Determination of viability and resuscitation time measurements

Cellular viability (i.e., the relative number of cells surviving the heat sock) was determined by TLFM. Cells that could be observed to grow and divide within an 8 h time frame after heat treatment were scored as surviving cells.

Cell meshes generated by the MicrobeTracker program were used to determine resuscitation times of individual cells, as described previously [15]. Since bacterial cells typically only elongate in the longitudinal direction, resuscitation times were measured by looking at the length increase of individual cells over time. First, an initial length was calculated as the mean of the first 3 measurements for each individual cell. The length of that cell in the subsequent frames was then compared to this initial length, and the resuscitation time was defined as the time corresponding to the frame in which cell length had increased over 10% compared to its initial length, plus the time between the end of the heat treatment and the beginning of microscopy recording (typically around 10 min). This 10% increase in initial length was taken as a threshold to prevent random measurement fluctuations from influencing the results and ensure that only resuscitation times of cells that had fully committed to growth were measured. In addition, only resuscitation times of surviving cells were measured, i.e., cells that subsequently committed to growth and division.

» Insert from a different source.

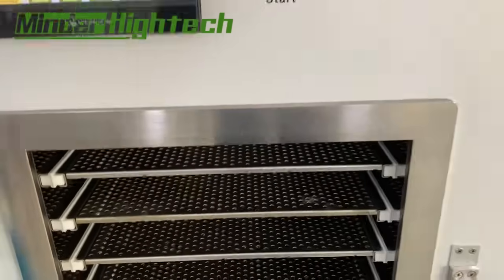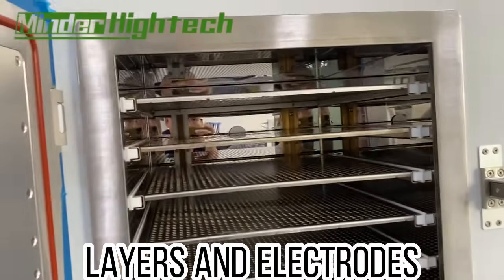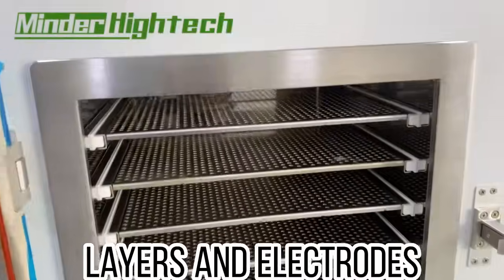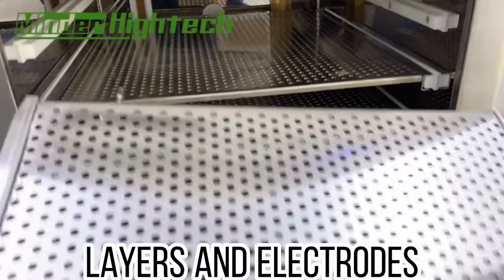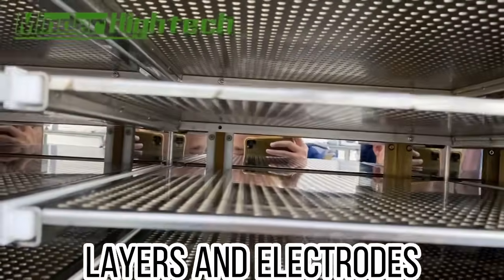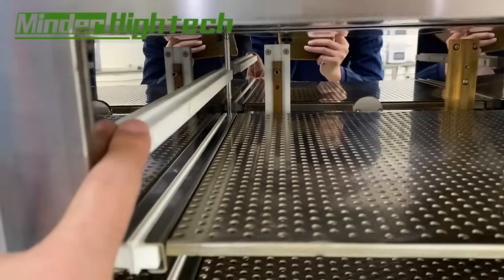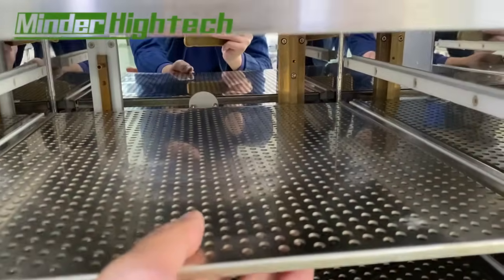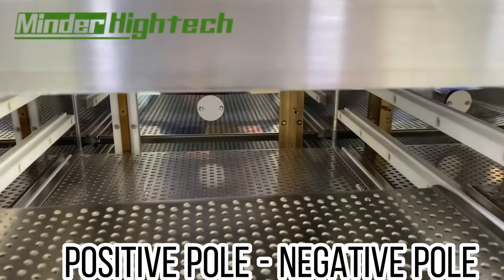Looking at the cavity, the standard configuration has six layers. We need to know: this is a positive electrode — it is connected here. This electrode is positive, and the next one is negative.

Validation of transcriptional and translational msfGFP fusions of protein quality control components

As we expected nonfunctional fusions to compromise cellular heat survival, the respective fusion proteins were validated by exposing PA-containing populations (MG1655 ΔlacY pTrc99A-mCherry-cI78^EP8 cells, with the respective fusions) to a heat treatment and comparing inactivation levels to that of PA-containing populations of unlabeled cells (without any additional fluorescent fusions). For this, cells were first grown to exponential phase (OD600 = 0.2–0.3) in AB medium with 0.2% glycerol. PA production was subsequently induced by adding 1 mM IPTG to the medium for 1.5 h, after which the cells were harvested and washed into AB medium with 0.2% glucose. After washing, cells were exposed to a heat shock (52 °C, 15 min), and inactivation was determined through spot-plating experiments. In these experiments, the appropriate dilutions of a sample were prepared in 0.85% KCl and subsequently spot-plated (5 μl) on AB glucose agar. After 24 h of incubation at 37 °C, the number of survivors was scored, compared to that of untreated controls, and total inactivation was determined.

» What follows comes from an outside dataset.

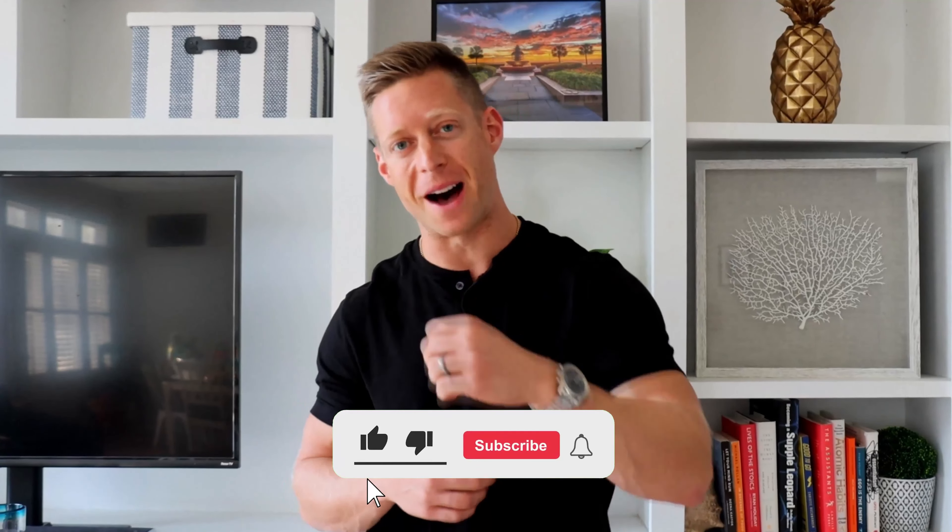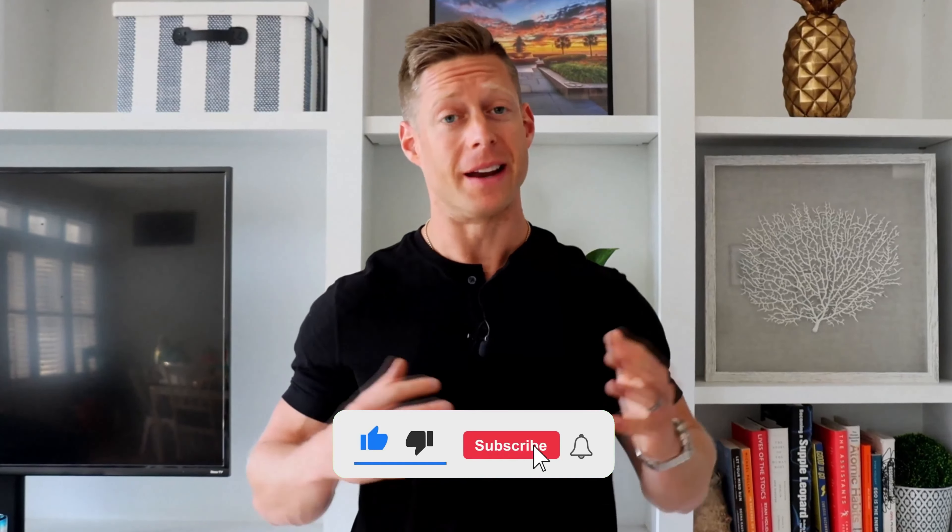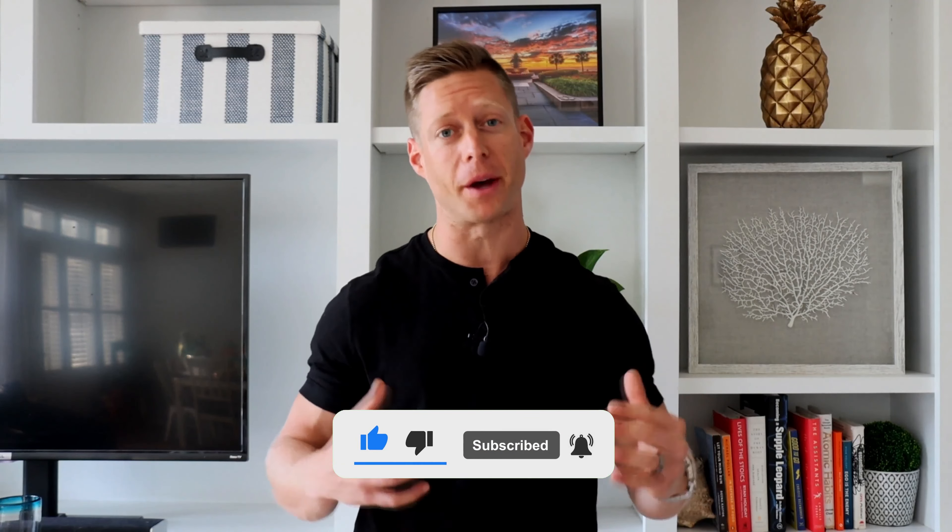Did you find this helpful? If so, pound that like button and hit subscribe. If you want a free copy of our Chiseled Muscle Cheat Sheet — the no-BS way to help you lose body fat and build lean muscle in 90 days — make sure you go to the description below and download your free copy. Any questions, drop them in the comments and can't wait to see you in the next video.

We further validated the transcriptional and translational fusions by exposing them to a sublethal heat shock (47 °C, 15 min), conditions known to activate the heat shock regulon of which the investigated proteins are a part of [93]. We quantified promoter activity and protein concentrations for the tested chaperones and proteases before and after heat treatment. For the transcriptional fusions, average cellular GFP fluorescence (corresponding to promoter activity) was determined directly after heat treatment. For the translational fusions, average cellular GFP fluorescence (corresponding to protein concentration) was determined after 30 min of incubation at 37 °C after heat treatment (allowing additional time for fusion protein folding and maturation).

Closer examination of the translational DnaK-msfGFP reporter strain revealed that this fusion protein occasionally displayed small and transient foci in unstressed PA-free cells (Fig 9B). Whether these foci reflect native, functionally relevant DnaK behavior or are artefactual (label-induced, but without severely compromising DnaK functioning) remains to be established.

Bootstrapped estimation of the standard error of the mean fraction of surviving cells

To assess the variability in surviving cellular fractions, the original sample size was bootstrapped (sampled with replacement) 3,000 times, and the mean fraction of surviving cells was calculated for each of these samples. The bootstrapped estimation of the standard error of the mean fraction of surviving cells was subsequently calculated by taking the standard deviation of the bootstrapped means.